Senate clears Brennan as CIA chief

John Brennan
Demonstrators disrupt the confirmation hearing of John Brennan, President Barack Obama's nominee to be director of the Central Intelligence Agency, before the Senate Intelligence Committee on Capitol Hill in Washington, DC, on February 7, 2013. The hard-nosed architect of the US drone war against Al-Qaeda, John Brennan, will on Thursday face difficult questions about secret assassinations from senators weighing his nomination to lead the CIA. Committee chair, Sen. Diane Feinstein, D-CA, cleared the room after several outbursts by protesters.
SAUL LOEB/AFP/Getty Images

By RICHARD LARDNER and DONNA CASSATA
Associated Press

WASHINGTON (AP) -- John Brennan has won Senate confirmation to head the CIA after a late struggle that had more to do with presidential power to order drone strikes than with the nominee's credentials to lead the spy agency.

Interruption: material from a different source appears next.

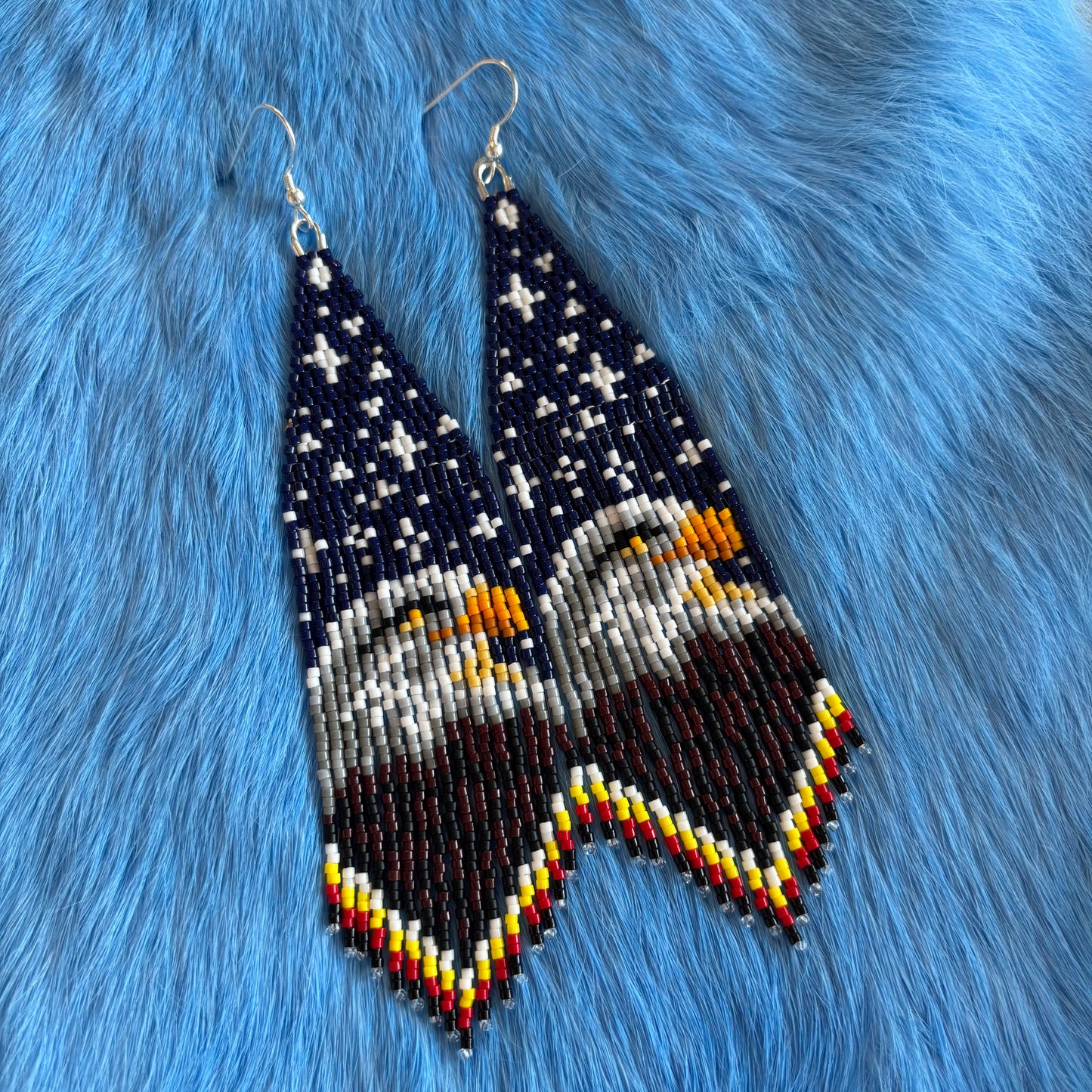 Twilight Eagle Fringe Earrings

The vote Thursday was 63-34. Brennan will replace Mike Morrell, the acting CIA director since November.

The vote came after the Obama administration bowed to demands from Republican Sen. Rand Paul of Kentucky and specified limits on the president's authority to order drone strikes against American citizens in the United States.

Paul declared he was satisfied with the administration's statement, which said the president does not have the authority to use a drone to kill an American not engaged in combat on American soil.